- _PROBLEM DETAILS_
Once the images are removed, set down everything else in the listing below exactly.

- _TASK INPUTS_
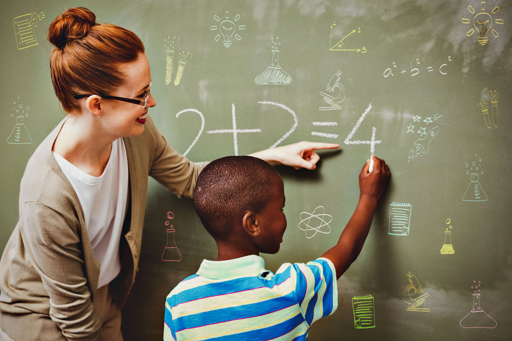 5 Best Exam Tutors in Oxford – Prepare smartly for top results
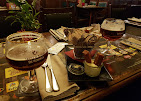 Bon-vivant The Belgian Beer Cafe : image103.jpg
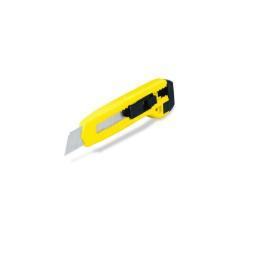 TRINCHETA ARMAZON PLASTICO 6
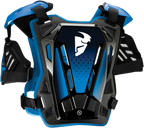 Thor Guardian S20 Bl/bk XL/2X
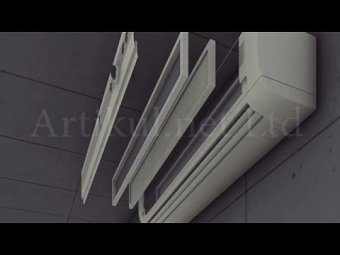 3D Presentation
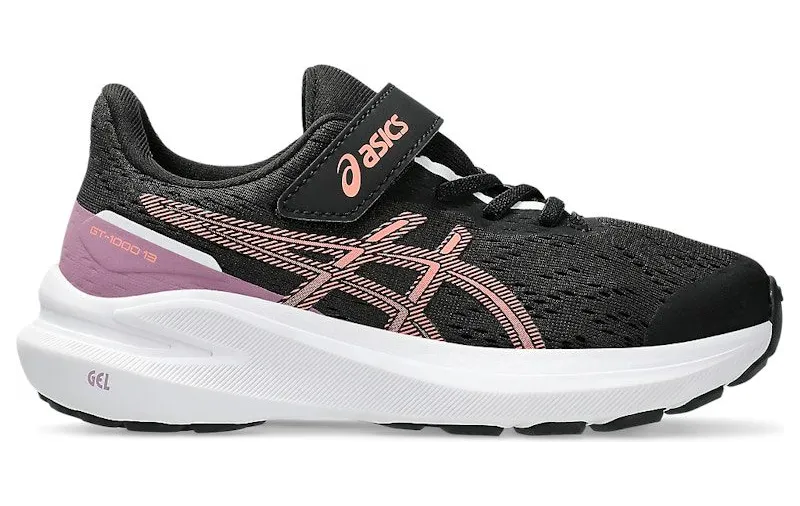 asics-gt-1000 1014A344-006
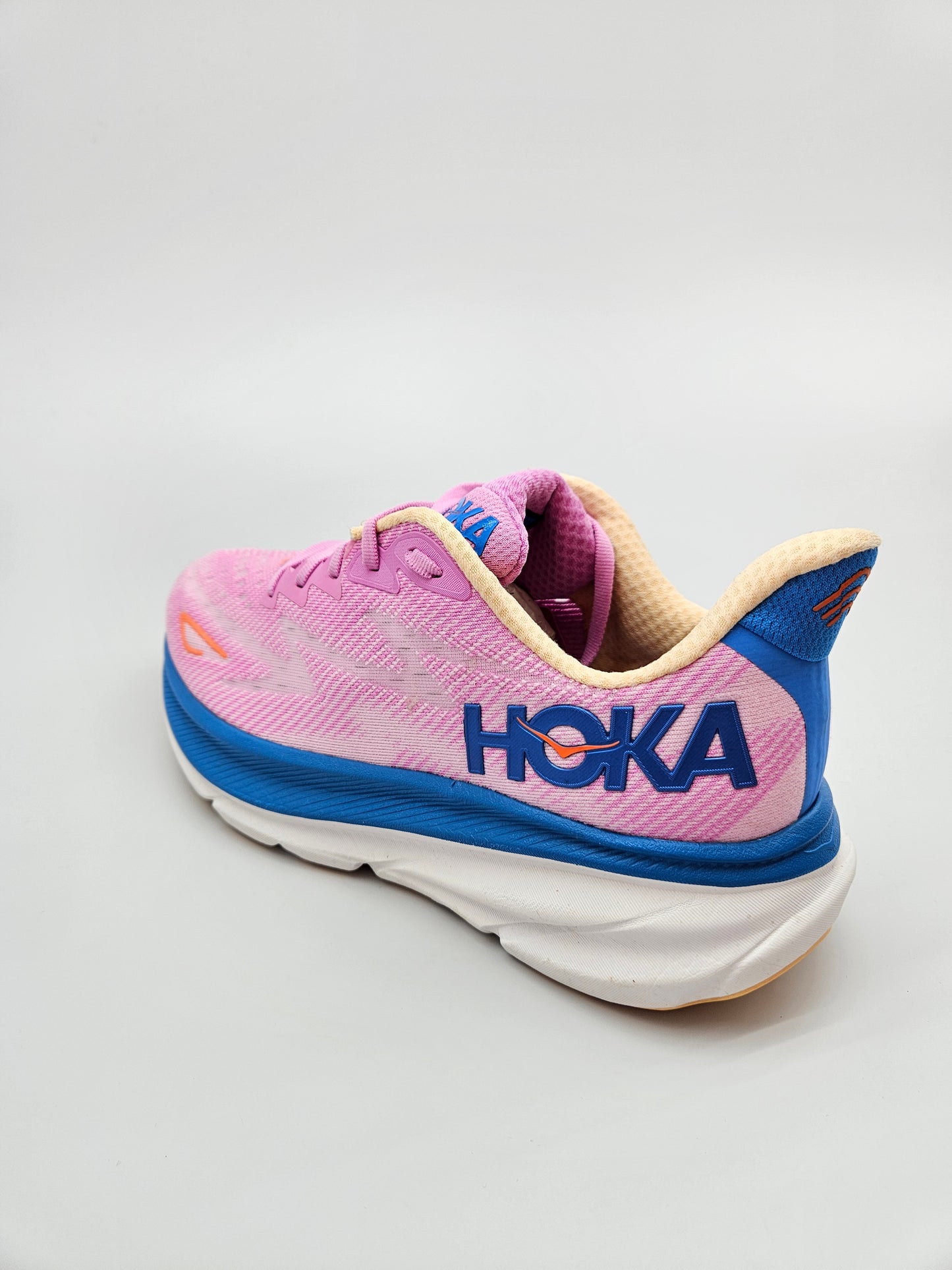 HOKA ORIGINAL PATIKI BR 42.5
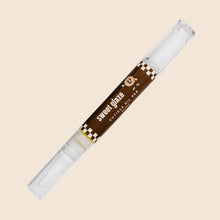 Load image into Gallery viewer, Cuticle & Co Nail Oil Pen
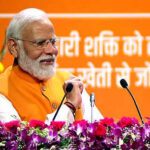 പെണ്‍കുട്ടി കുഴഞ്ഞുവീണ് മരിച്ചു; സംഭവം ഉച്ചഭക്ഷണം കഴിച്ച ശേഷം പാത്രം കഴുകുന്നതിനിടെ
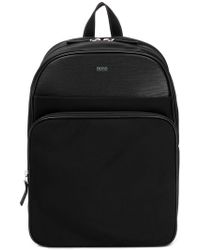 Mochilas BOSS by HUGO BOSS de hombre desde 110 €
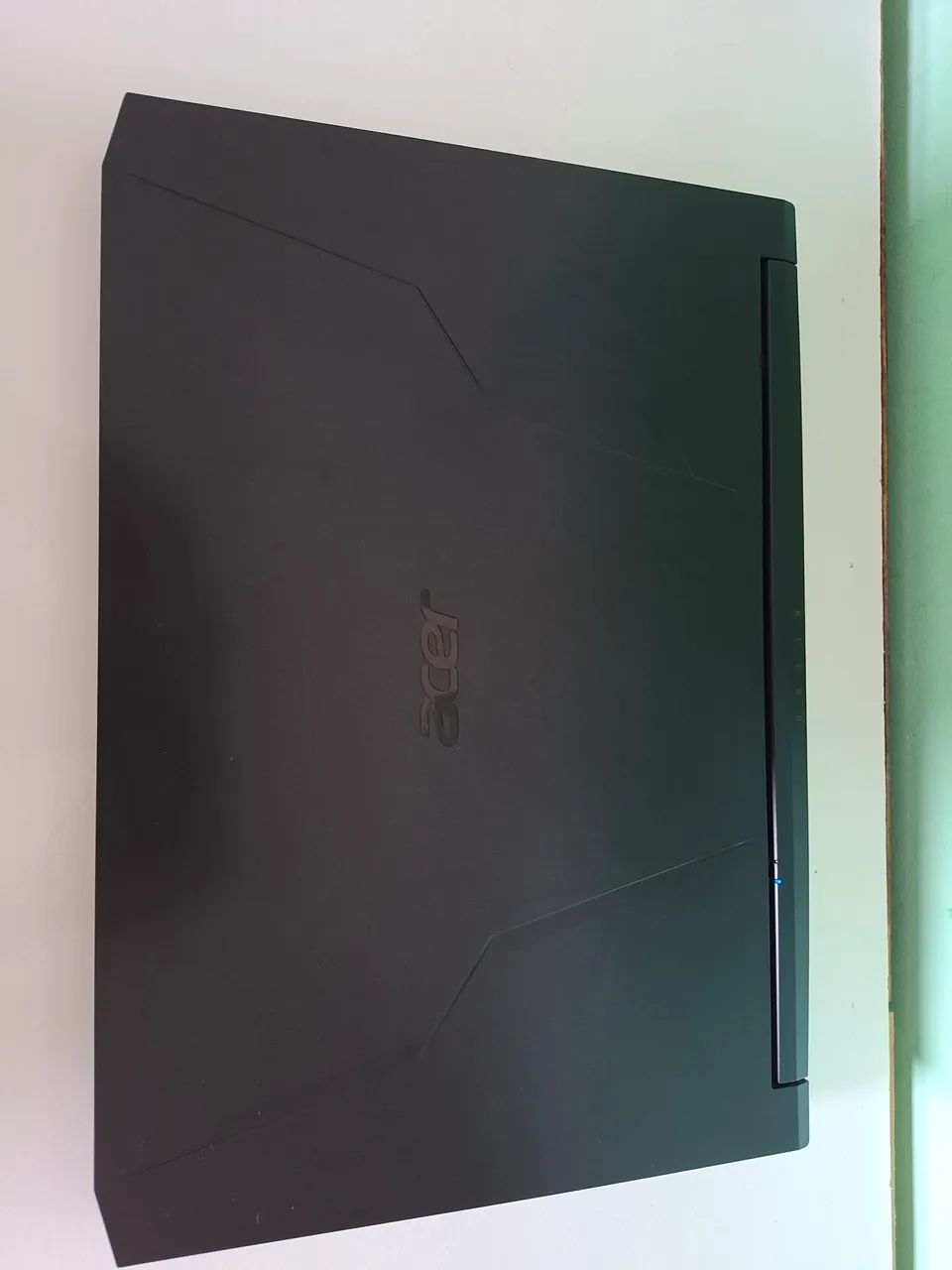 Notebook Gamer Acer Nitro 5 - Foto 4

- _EXERCISE SOLUTION_
 5 Best Exam Tutors in Oxford – Prepare smartly for top results
 Bon-vivant The Belgian Beer Cafe : image103.jpg
 TRINCHETA ARMAZON PLASTICO 6
 Thor Guardian S20 Bl/bk XL/2X
 3D Presentation
 asics-gt-1000 1014A344-006
 HOKA ORIGINAL PATIKI BR 42.5
 Load image into Gallery viewer, Cuticle & Co Nail Oil Pen
 പെണ്‍കുട്ടി കുഴഞ്ഞുവീണ് മരിച്ചു; സംഭവം ഉച്ചഭക്ഷണം കഴിച്ച ശേഷം പാത്രം കഴുകുന്നതിനിടെ
 Mochilas BOSS by HUGO BOSS de hombre desde 110 €
 Notebook Gamer Acer Nitro 5 - Foto 4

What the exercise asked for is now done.